= Ericson fluctuations =

Ericson fluctuations constitute one of the most characteristic features of quantum chaotic scattering in the regime of strongly overlapping resonances such as a compound nucleus. These fluctuations were predicted in 1960 by Torleif Ericson in two seminal articles, further developed in 1963, based on the same statistical assumptions as those used by E. Wigner, C. E. Porter and R. G. Thomas to describe generic properties of resonances in long-lived compound nuclear systems. In the present case the fluctuations occur in the "continuum" regime for which a large number of such resonances overlap coherently, owing to the short lifetime of the compound nucleus. At the time it was believed that this would lead to a structure-less behavior. Ericson realized that the opposite was the case with strong, random fluctuations.

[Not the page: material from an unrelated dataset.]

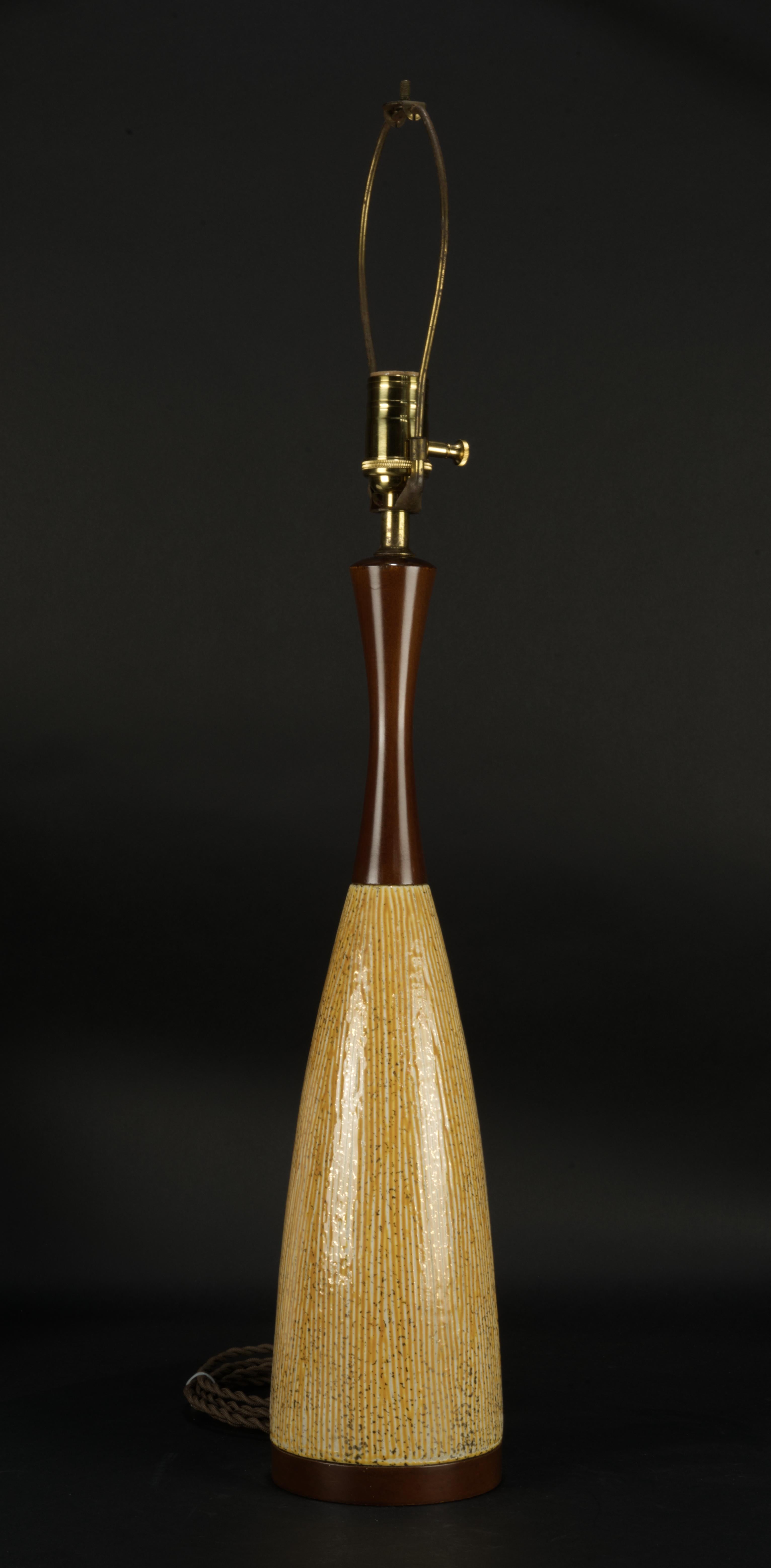 Lampe de bureau scandinave moderne en bois et céramique dorée et sgraffite Bon état - En vente à Clifton Springs, NY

The Ericson fluctuations were first observed in 1964 by P. Von Brentano et al. in nuclear physics giving rise to a vigorous theoretical and experimental programme. They have the curious feature of being both reproducible and random at the same time. The fluctuations are universal and have later been observed in many other areas such as photoionization of hydrogen, uni-molecular dissociation (physical chemistry), perturbed atomic and molecular systems and micro wave billiards.

Present theoretical descriptions of chaotic quantum scattering confirm the predicted properties of the Ericson fluctuations. The universality of the Ericson fluctuations are thus very well established.